Nozick's follow-up book, `Philosophical Explanations', is the continuation of Nozick's philosophy in the areas of metaphysics, epistemology, and value. He continues his pattern of exploration (a particular word Nozick likes to use with regard to his method): `At no point is the person forced to accept anything. He moves along gently, exploring his own and the author's thoughts. He explores together with the author, moving only where he is ready to; then he stops. Perhaps, at a later time mulling it over or in a second reading, he will move further.'
This is indeed the manner I found this book most useful, in re-reading at different times to pick up on different aspects of the narrative and the theory. Nozick explores in the introduction the difference between explanation and proof -- proof requires (in most manner of logical thinking) a particular pattern of argument with dependent pieces being led in a certain direction of inexorable conclusion; explanation can be tentative, sometimes dialectical, subject to revision without throwing out the entire structure built.
This, obviously, is a problem for rigourous scholars and philosophers. It certainly gives a sense of the kind of subjectivism that liberal academia is constantly accused of, and angers those who are set on belief and discovery of absolutes. But in his discussion of how to take skeptics seriously, he addresses the problem of what becomes important for consideration.
That a skeptic becomes convinced of the argument does not solve the problem, for the questions remain even in the absence of the skeptic. It is to the argument. to the problem that philosophical explanations and theories must speak. That being said, there are some presuppositions that must be made at the start. This is precisely the area in which explanation becomes of more value than proof.
By using the method of explanation, one can modify the structure without 'breaking a chain' of proof that would require the whole structure to be abandoned. As we none of us can start from an objectively neutral starting point, this becomes an intriguing and valuable way of approaching the subjects.
Modern psychology, sociology, and political science strives to find patterns and 'expected events' in the lives of their respective individual and collective subjects. It is easy to see patterns that would support both the idea of free will and the idea of deterministic control.

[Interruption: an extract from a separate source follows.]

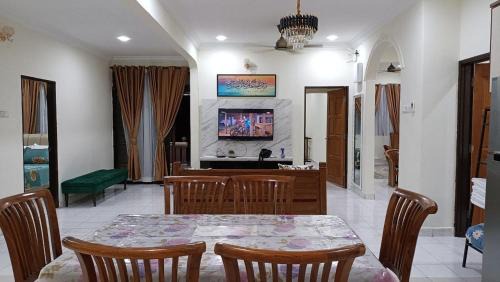 Taman Rinting Maison | Rinting Corner Islamic Homestay, Pasir Gudang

The final chapter of this section deals with the meaning of life. Nozick offers no easy answers (so don't buy this book thinking that it has the meaning you're searching for!) -- the meaning of life is not a property imputed into the object (or subject). While Nozick does explore different considerations, ultimately philosophy cannot answer the question of the meaning of life in an emotionally and intellectually satisfying way. Nozick does explore what it means to have a God-based meaning attached to life, but this also has difficulties that philosophy has difficulty resolving. Is this where faith comes into play? Most probably, but a faith built on ignorance (particularly built upon deliberate ignorance) becomes more of a self-delusion than than a meaning.
Nozick finishes the book with philosophy connected in a value-based way to art, literature, and the humanities, in which many find those indescribable facets of the meaning of life. `We can envision a humanistic philosophy, a self-consciously artistic one, sculpting ideas, value, and meaning into new constellations, reverberative with mythic power, lifting and ennobling us by its content and by its creation, leading us to understand and to respond to value and meaning -- to experience them and attain them anew.'
This is not easy reading. This takes dedication, some philosophical background (particularly for the section on epistemology), and a desire for inquiry. Nozick's philosophy does not neatly fit the pattern of any particular philosophical school, so questions will arise from beyond the text. For the theologically minded (my particular area of concern at the present), the considerations here are important to take into account in avoiding many common intellectual blunders in theological explanation. Theology often draws on the explanation model of development rather than the proof model (as the proof model can fall to pieces very quickly with just a few assumptions challenged or removed). The themes and ideas contained here can help build a stronger theology (although Nozick might not have intended that as one of the purposes of this book!).